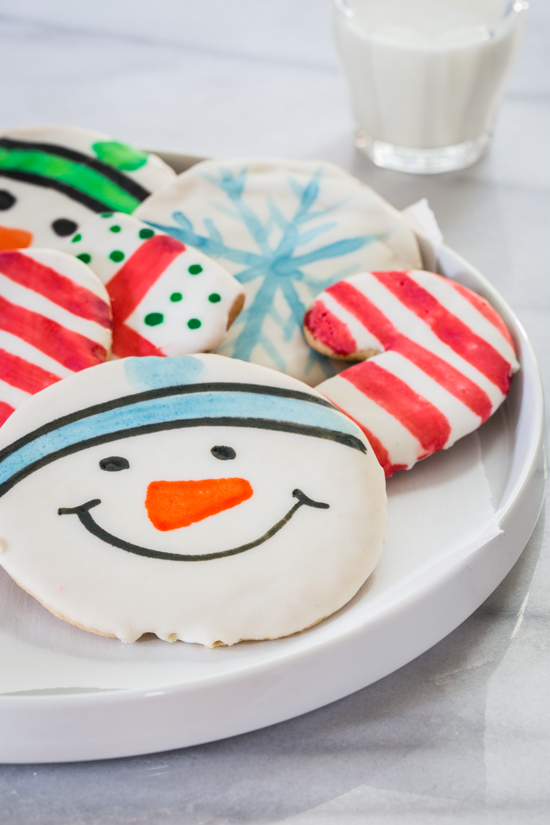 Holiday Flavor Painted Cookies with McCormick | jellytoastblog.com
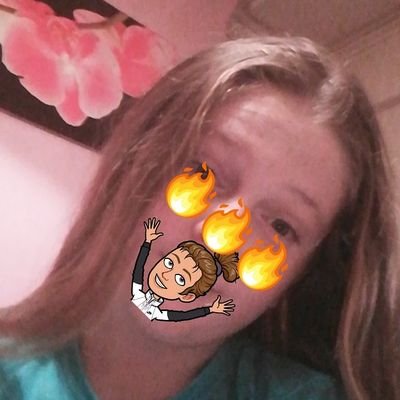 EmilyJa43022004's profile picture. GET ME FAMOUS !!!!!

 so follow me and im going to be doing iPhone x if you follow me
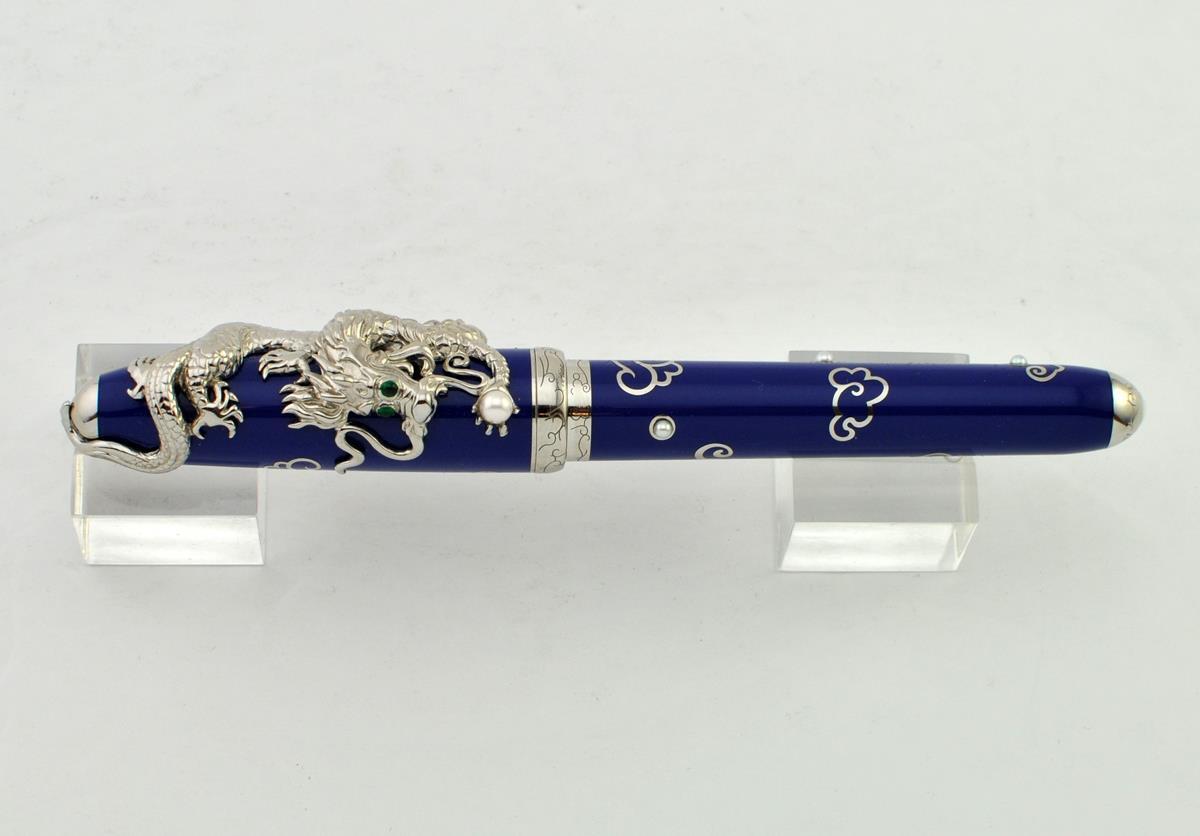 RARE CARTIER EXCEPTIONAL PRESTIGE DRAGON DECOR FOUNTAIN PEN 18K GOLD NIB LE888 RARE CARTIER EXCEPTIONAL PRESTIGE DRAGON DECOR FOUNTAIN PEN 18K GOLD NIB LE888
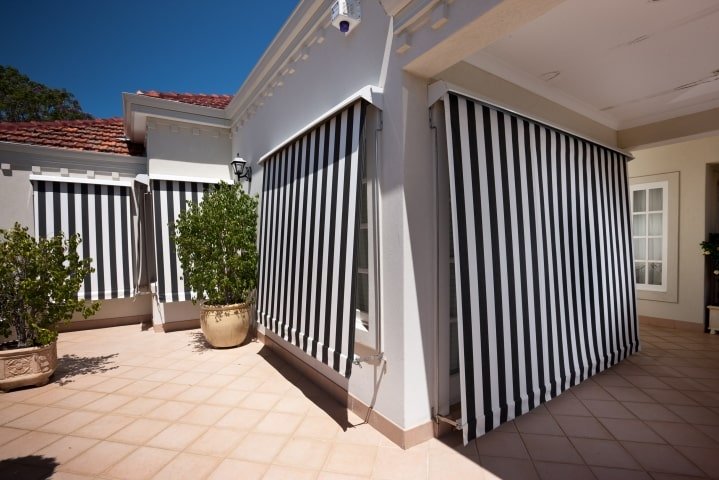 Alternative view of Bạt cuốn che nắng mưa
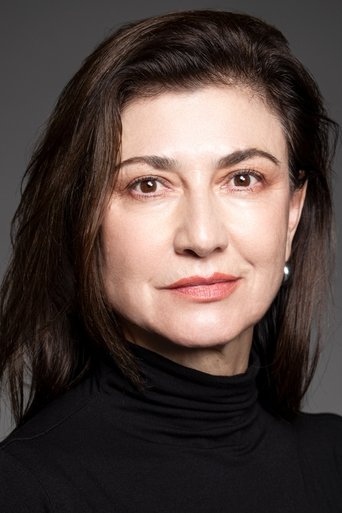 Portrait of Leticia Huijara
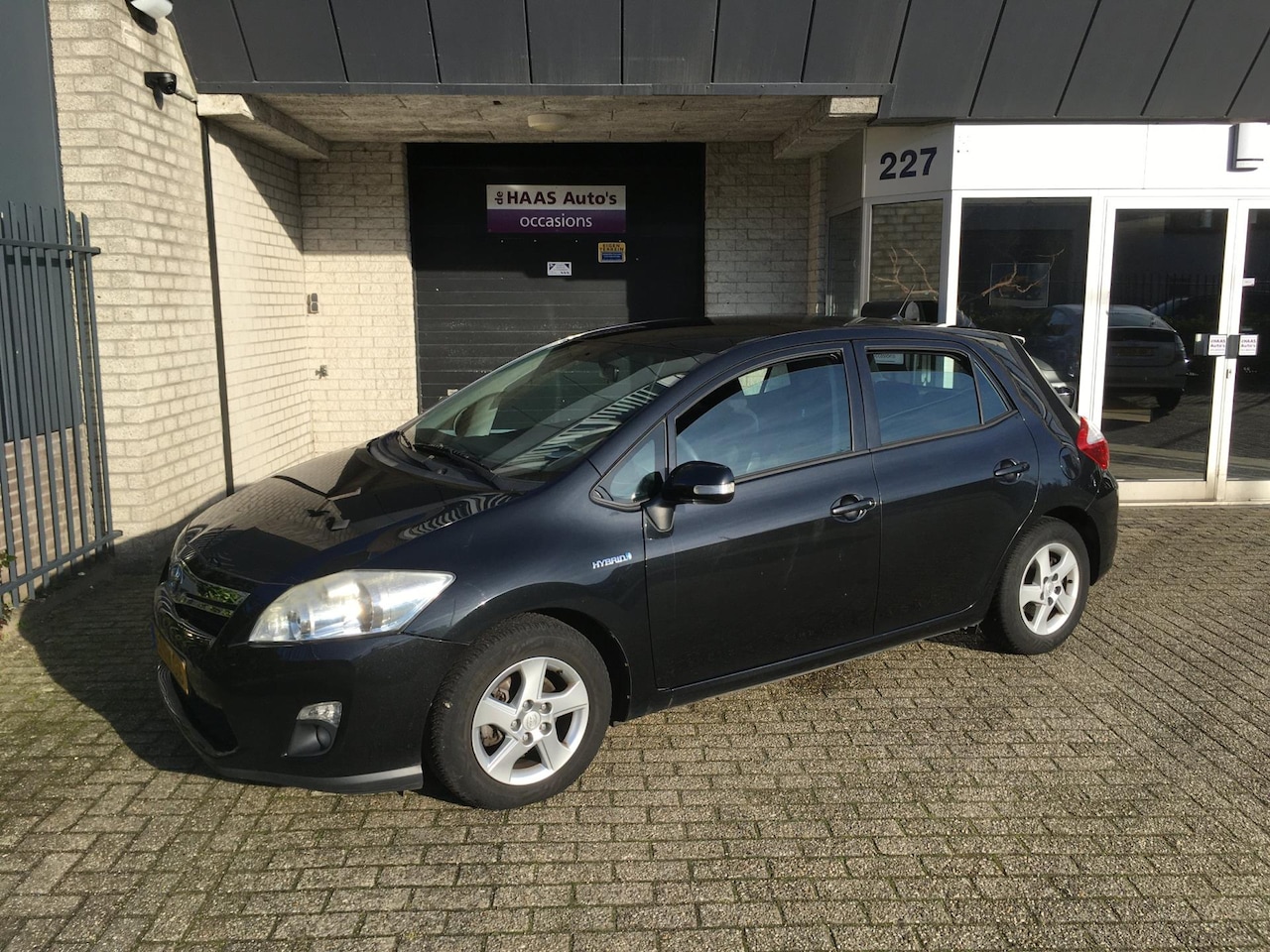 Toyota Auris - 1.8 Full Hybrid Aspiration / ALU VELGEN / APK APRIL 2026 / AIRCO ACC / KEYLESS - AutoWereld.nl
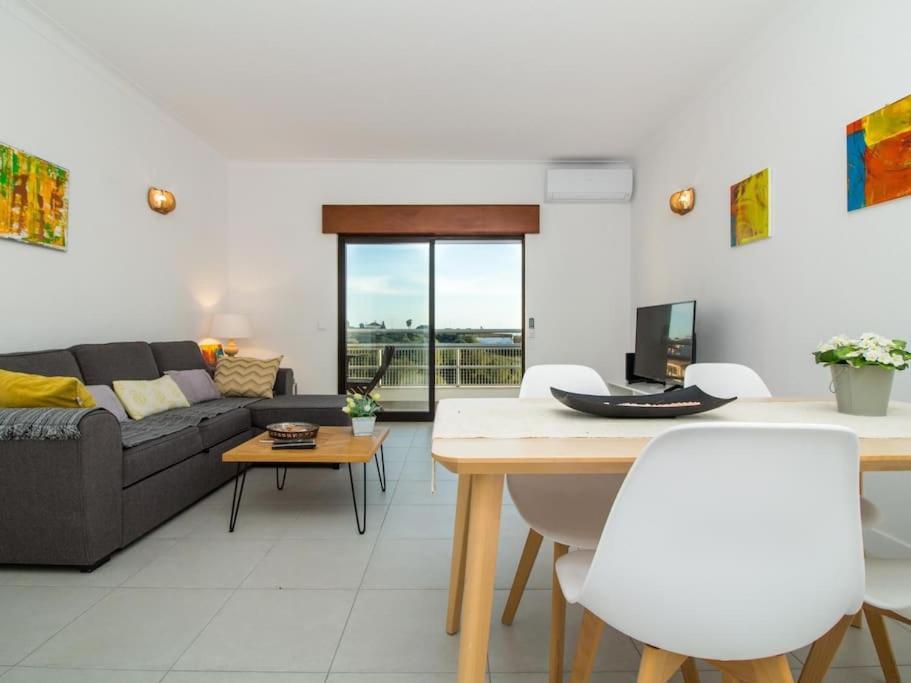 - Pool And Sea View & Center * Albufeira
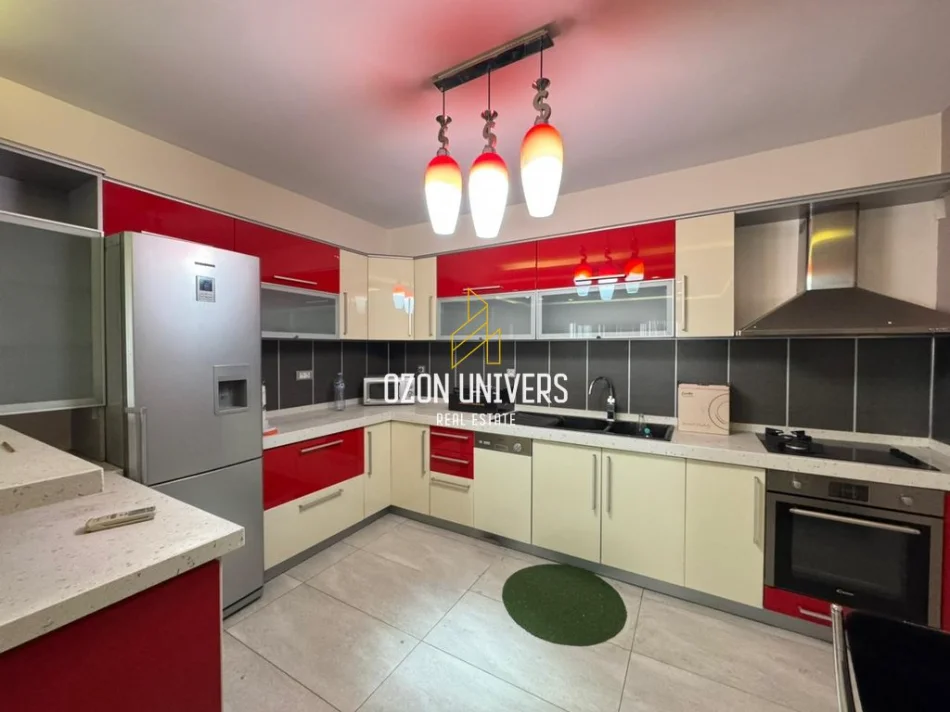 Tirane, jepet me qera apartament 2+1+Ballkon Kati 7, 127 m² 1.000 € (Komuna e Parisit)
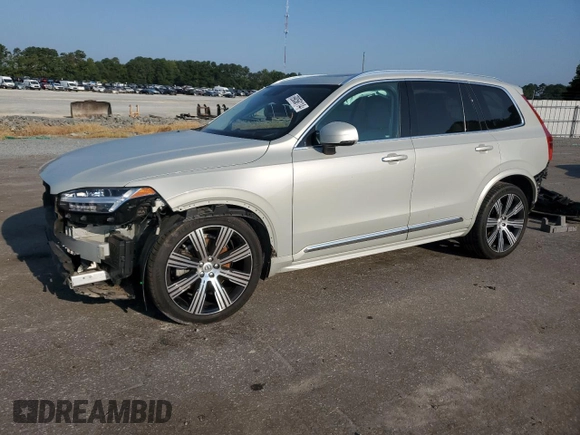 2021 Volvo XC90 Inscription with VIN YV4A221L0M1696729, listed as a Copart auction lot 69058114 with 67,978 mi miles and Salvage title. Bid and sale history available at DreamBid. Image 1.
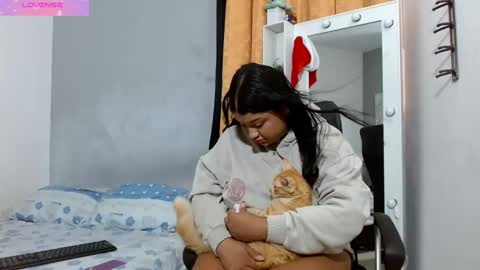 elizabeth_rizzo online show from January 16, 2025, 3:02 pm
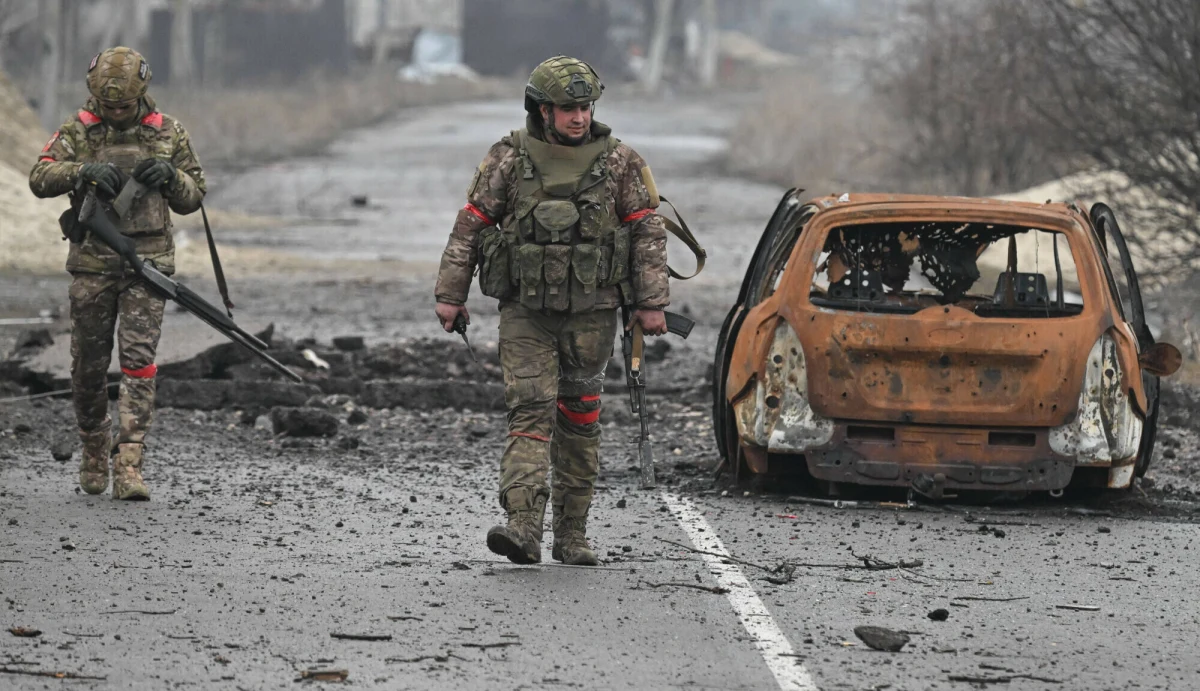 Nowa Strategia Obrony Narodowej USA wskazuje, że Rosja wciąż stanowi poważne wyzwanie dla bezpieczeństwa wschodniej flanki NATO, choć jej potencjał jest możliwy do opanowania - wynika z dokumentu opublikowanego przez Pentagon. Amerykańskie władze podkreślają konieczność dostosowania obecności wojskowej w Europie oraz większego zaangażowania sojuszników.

GOAL OF THE EXERCISE:
Word for word, copy every line of the data, excluding any pictures.

WRITTEN REPLY:
 Holiday Flavor Painted Cookies with McCormick | jellytoastblog.com
 EmilyJa43022004's profile picture. GET ME FAMOUS !!!!!

 so follow me and im going to be doing iPhone x if you follow me
 RARE CARTIER EXCEPTIONAL PRESTIGE DRAGON DECOR FOUNTAIN PEN 18K GOLD NIB LE888 RARE CARTIER EXCEPTIONAL PRESTIGE DRAGON DECOR FOUNTAIN PEN 18K GOLD NIB LE888
 Alternative view of Bạt cuốn che nắng mưa
 Portrait of Leticia Huijara
 Toyota Auris - 1.8 Full Hybrid Aspiration / ALU VELGEN / APK APRIL 2026 / AIRCO ACC / KEYLESS - AutoWereld.nl
 - Pool And Sea View & Center * Albufeira
 Tirane, jepet me qera apartament 2+1+Ballkon Kati 7, 127 m² 1.000 € (Komuna e Parisit)
 2021 Volvo XC90 Inscription with VIN YV4A221L0M1696729, listed as a Copart auction lot 69058114 with 67,978 mi miles and Salvage title. Bid and sale history available at DreamBid. Image 1.
 elizabeth_rizzo online show from January 16, 2025, 3:02 pm
 Nowa Strategia Obrony Narodowej USA wskazuje, że Rosja wciąż stanowi poważne wyzwanie dla bezpieczeństwa wschodniej flanki NATO, choć jej potencjał jest możliwy do opanowania - wynika z dokumentu opublikowanego przez Pentagon. Amerykańskie władze podkreślają konieczność dostosowania obecności wojskowej w Europie oraz większego zaangażowania sojuszników.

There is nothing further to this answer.